A real ASR system often parses the whole utterance and returns confidence-low fragments — account number is 033558273 let me know — that the agent’s parser can’t extract a clean number from. Real callers on automated systems learn this and just say “033558273”.
The platform mimics that real-caller behavior. Every generated persona has explicit examples like:
| Agent asks | Caller answers |
|---|---|
| ”What’s your policy number?” | 033558273 |
| ”Date of birth?” | 1988-07-12 |
| ”Phone number on file?” | 5551234567 |
| ”Can I have your full name?” | Alex Johnson |
What the caller does NOT substitute
If the agent asks for a field the caller’s profile doesn’t have, the caller says “I don’t have that” — it does NOT pick a different field as a substitute. This is one of the most-tested rules.
| Agent asks | Profile has | Caller answers |
|---|---|---|
| ”What’s your email?“ | no email field | I don't have that |
| ”Different phone number?“ | only one phone | no (or repeats the same one) |
| “SSN?“ | no SSN field | I don't have that |
Confirmations are different
If the agent says “Did you say 033558273?” the caller answers Yes or That's correct — not the number again. This is also baked into the persona.
Voluntary speech is unaffected
The rule only applies when the agent asked. The caller’s opening utterance, summarizing what happened, leaving a voicemail — those are normal speech. You’ll see your caller speak in full sentences during the parts of the call that aren’t direct data Q&A.
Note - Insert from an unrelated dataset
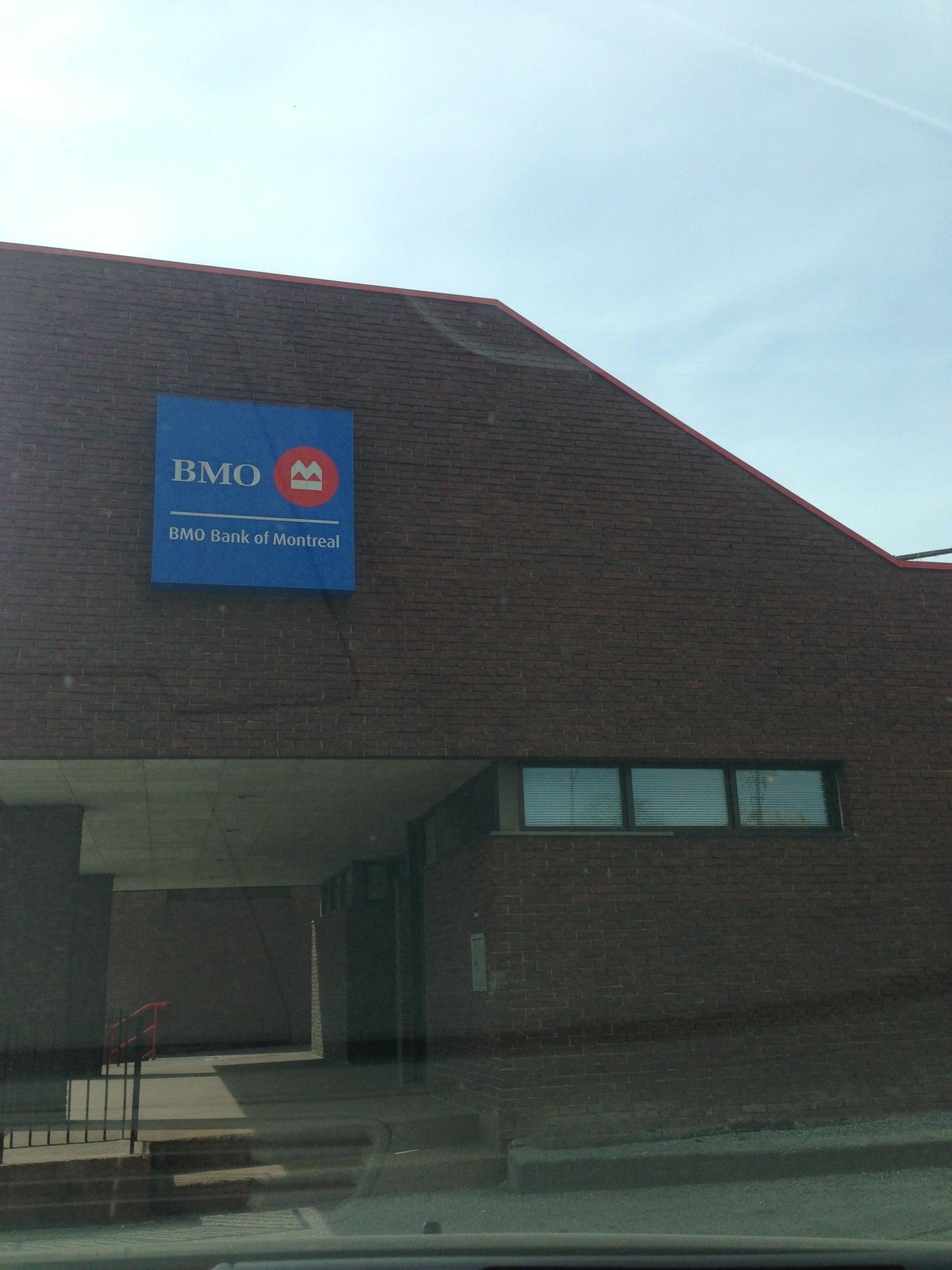 BMO Bank of Montreal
Exception: embellish-into-reply custom functions
If you’ve declared a custom function with the embellish-into-reply pattern (e.g. “before every sentence, call getTime and tell the time”), the caller embeds the value inside sentences. That’s the intended behavior for this pattern — it overrides the bare-value rule for that specific function’s value.
The two rules don’t conflict because the embellish pattern is for caller-initiated value usage; the bare-value rule is for target-initiated data requests.
IVR navigation is also different
When the IVR says “press 1 for English”, the caller does NOT say “1” out loud — it invokes the press_digit built-in tool with the digit. This is the IVR Navigation Protocol, also baked into the persona. Saying digits aloud to a keypad-input prompt would just get treated as ambient speech.